Max worried the awkwardness of having their brunch mistaken for a date would hang over the table like a bad smell, but his sister had moved on from the woman’s ludicrous misreading as briskly as she’d come and gone. May laughed off the idea of having the hots for someone like him; being lanky, geeky and unfashionable was not a winning combination for the ladies – at least none of the ladies Max had ever found himself sexually intrigued about, a list that grew longer the deeper he trudged into puberty, a list that now included a member of his family. What was he thinking?
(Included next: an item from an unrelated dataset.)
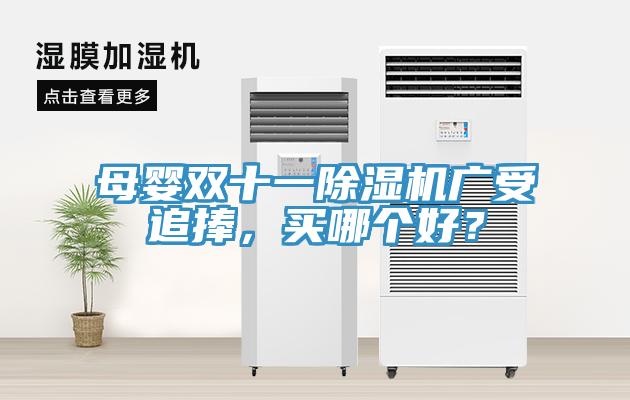 母嬰雙十一除濕機(jī)廣受追捧，買哪個好？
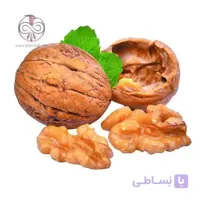 نهال گردو اسراييلی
It seemed ridiculous to take offence to May not looking at him the same way she might’ve looked at Norman, what with his dorky shorts and dorky glasses posing no competition to the Gym Leader’s towering and shredded physique. Max remembered how May pinched his bony arm and made fun of him at the breakfast table. Then he remembered how she cried in ecstasy when Norman held her in the air like she weighed nothing and impaled her down the middle. Max doubted May would’ve ever looked at him even if they weren’t related; heck, no other girl had either.
By the time their orders arrived, the pregnant woman and her worrisome suggestions were cast aside. Drinks and wraps filled up their stomachs and steered the conversation back towards normalcy. They engaged in casual sibling banter whilst recounting humorous tales on their last journey with Ash and the others, which felt more and more like decades ago every time they brought it up. Max teased May about being scared of Sableye and she laughed at how he’d once been blasted off with Team Rocket. Minutes turned to hours and soon plates and dishes lay clean upon the table.
Max reclined and belched, nursing a belly as bloated as the pregnant woman.
“Gross.” May chucked her last French fry at him.
He swatted away the salted projectile with an awkward flailing of his hands. “You’re so predictable.”
“Whatever.” She burped in a counter twice as loud and obnoxious as his offense.
Max was equally disgusted as he was impressed. Now that was something May would never do on a date. He got the privilege of seeing sides of his sister he often didn’t appreciate. Still, he couldn’t help laugh at the unexpectedness of it all, and she in turn laughed at his reaction. Apparently, no matter how old they became, they’d never stop acting like children towards one other.
“Oh, shoot.” May baulked seeing the time as though she’d missed an appointment. “I better get going now.”
“No dessert?” Since when had she been capable of passing up the opportunity of chocolate pudding?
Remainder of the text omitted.